Related Work & Insights¶
- vs. WeatherWeaver: WeatherWeaver operates in pixel space with a two-stage process. This method works in intrinsic space, modifying only the lighting branch, yielding better geometric fidelity and continuous control.
- vs. RGB↔X / DiffusionRenderer: These address intrinsic decomposition but focus on indoor or single objects. This work introduces IMAA to achieve high-fidelity outdoor decomposition (>10 dB PSNR gain).
- vs. IntrinsicEdit: Focuses on object-level editing; this work targets large-scale outdoor scenes and specific weather effects.
- vs. Weather Restoration (AWRaCLe / Histoformer): These are restoration tasks (removing particles); this work can modify ground materials/lighting and synthesize any target weather.

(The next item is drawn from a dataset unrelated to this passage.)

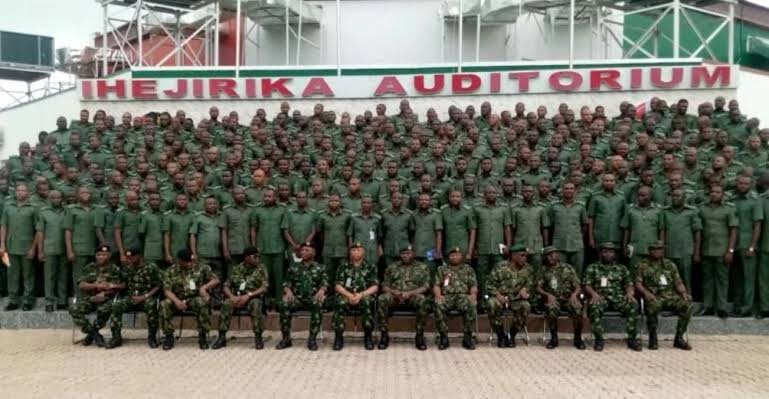 Nigerian Army Promotes 108 Senior Officers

- vs. 3D Space Editing: Requires precise geometry often unavailable in real driving; this work avoids that by performing single-image inverse rendering.
Rating¶
- Novelty: ⭐⭐⭐⭐⭐ Decoupling weather in intrinsic space + IMAA + CLIP interpolation represents a clear paradigm shift for outdoor autonomous driving scenes.
- Experimental Thoroughness: ⭐⭐⭐⭐ Solid quantitative comparisons across inverse/forward/downstream tasks, though downstream evaluation is limited to ACDC and inference cost is missing.
- Writing Quality: ⭐⭐⭐⭐ Clear motivation and illustrations; some technical details are deferred to the supplement.
- Value: ⭐⭐⭐⭐⭐ Provides a complete framework for intrinsic weather editing and two datasets with annotations, offering direct utility for autonomous driving robustness.